The code lives in submissions/v60/ (the directory layout is inherited from the challenge repository). For the original challenge README, see README_upstream.md.

Quick Start

Installation

# Clone the repository
git clone https://github.com/partcleda/macro-place-challenge-2026.git
cd partcl-macro-place-challenge

# Initialize TILOS MacroPlacement submodule (required for evaluation)
git submodule update --init external/MacroPlacement

# Install the package and all dependencies
uv sync

Run the submission

# Single benchmark
uv run evaluate submissions/v60/v60_placer.py -b ibm01

# All 17 IBM benchmarks with a comparison table
uv run evaluate submissions/v60/v60_placer.py --all

# Visualize the result
uv run evaluate submissions/v60/v60_placer.py -b ibm01 --vis

The entry point is v60_placer.py; it pulls in v60_engine.py, v60_kernels.py, and v60_incremental_eval.py from the same folder. Do not run those modules directly.

How It Works

The macro placement problem is to assign 2D positions to a set of hard and soft macros on a bounded canvas such that a weighted sum of wirelength, placement density, and routing congestion is minimized. v60 approaches this as a continuous optimization problem: all three terms are made differentiable and gradient descent is run directly on macro coordinates.

Starting point: spectral clustering. Before any gradient step, v60 partitions the hard macros into spatial clusters using the Fiedler embedding of the netlist graph — the 2D projection onto the eigenvectors corresponding to the two smallest non-zero eigenvalues of the graph Laplacian. This embedding has a useful property: macros that are heavily interconnected end up close together in the embedding regardless of their initial positions, so K-means on this space naturally recovers groups that belong together in the floorplan. Each cluster is then collapsed into a super-macro whose size is the bounding box of its members, giving the optimizer a coarse but topologically meaningful starting skeleton.

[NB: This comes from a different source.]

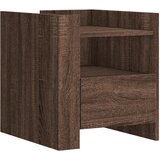  Noćni ormarić smeđa boja hrasta 45x50x50 cm konstruirano drvo | shoptok.hr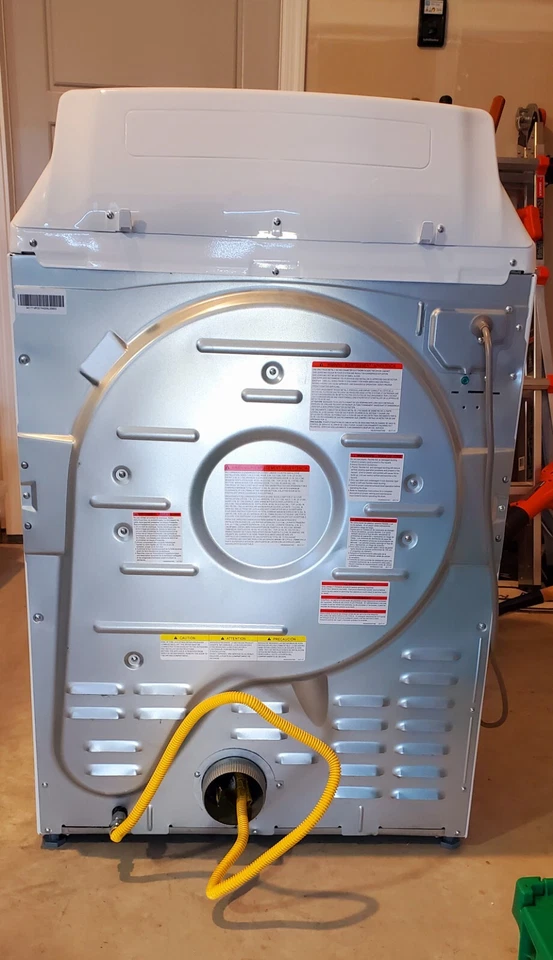 Frigidaire 6,7 pés cúbicos Secador a gás branco sem pé!! - Imagem 4 de 4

The three-stage gradient engine. From those cluster positions, the engine runs three successive gradient descent phases. Stage 0 is a short global pass that places the super-macros; it establishes a rough floorplan before individual macros are freed. Stage 1 then expands the super-macros back into their constituent hard macros and optimizes freely — this is the main exploration phase, where the optimizer is given enough room to move macros far from their cluster centers if the wirelength objective calls for it. Stage 2 finishes by activating the density, overlap, and congestion penalties at full strength, driving hard-macro overlap towards zero while balancing the other cost terms.

Why many restarts? The optimization landscape is highly non-convex — the congestion term alone introduces many local minima, and different initializations can settle into very different final arrangements. Rather than betting on a single trajectory, v60 runs 32 independent restarts in parallel on the GPU, each from a different random initialization, and scores every result against the real compute_proxy_cost. The lowest-proxy result whose hard-macro overlap falls within a small tolerance (a fixed fraction of the median hard-macro area) is carried forward; the downstream stages are trusted to clean up any small residual overlap rather than discarding an otherwise good seed for it.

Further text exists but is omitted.